January 15, 2016 3 min read

Drinking is such a large part of American culture that it's often the focal point of many social gatherings, dinners and events. Certain career ladders are climbed at networking events or with after-work drinks. Unfortunately, social drinking can become an expensive habit.

Consider turning discipline into a fun challenge with your friends. Set a one-drink maximum for the night and if you go over that amount, you have to buy a round or give them a few dollars. That way, everyone gets involved and has something at stake. You can also select certain nights where you'll allow yourself to drink and others where you stay sober. For example, if you have a big night coming up that weekend, consider giving up drinking for the week. Those extra dollars and extra calories can add up. Use a Google document or a financial monitoring app to track how much you spend as you go.

You can also rally your group of friends to start the evening a little earlier for happy-hour prices. Use Yelp to find out which local bars or lounges offer happy-hour prices -- and on which days of the week. Dishes or drinks are usually half-off, and sometimes you can find an even better deal by asking the server for inside information. Check Groupon for savings on trendy restaurants and bars in your area; it offers lots of deals at newer places or older establishments looking to boost their crowd.

When planning a dinner party or a meal-centered get together, look for a restaurant with a BYOB option.
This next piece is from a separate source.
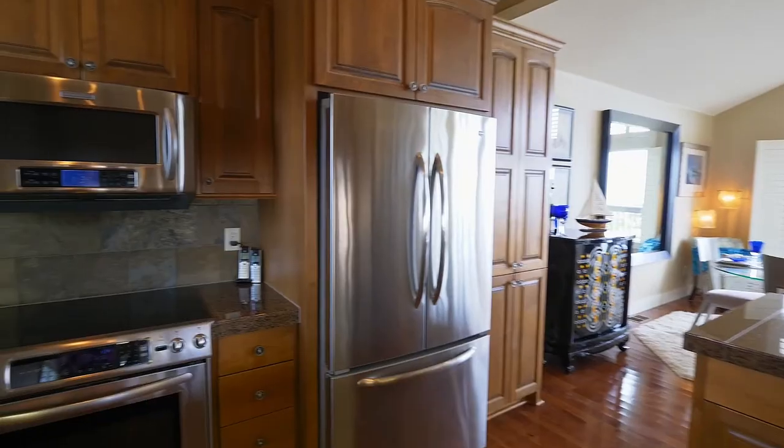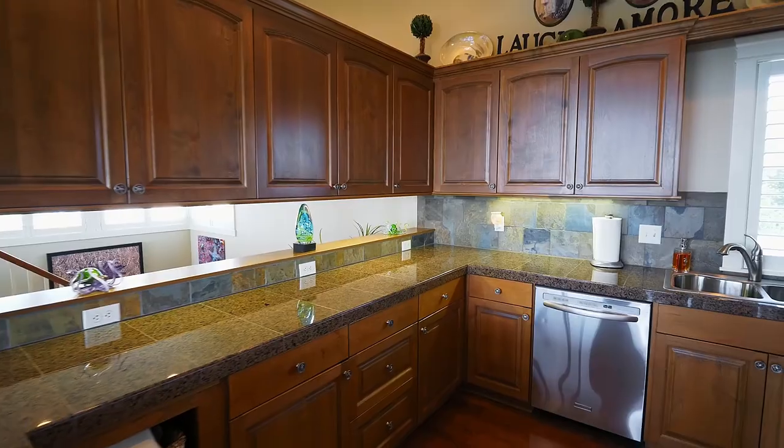The gourmet kitchen features stainless steel appliances, a slate backsplash, and beautiful granite.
Many restaurants charge a small corkage fee that can be split among your group (usually between $5 and $10), and then you can share the bottle for a fraction of the cost you would spend if you were buying drinks by the glass.

And of course, if you want to keep the party going without actually heading "out," you can always host gatherings at your apartment or house. That way, you can invite everyone to bring their own bottle of choice, saving the entire group some money. Trader Joe's and Whole Foods both have bottles of wine for as low as $3 before tax.

Alternatively, you can use this as an opportunity to cut out alcohol completely. Beyond the health benefits of an alcohol cleanse, it could also provide you with mental clarity and peace of mind. Take time to assess which relationships and friendships are serving you. Can you have fun with these people without help from alcohol? Evaluate your social circles and to take a look at how much or how little you rely on alcohol to interact with others.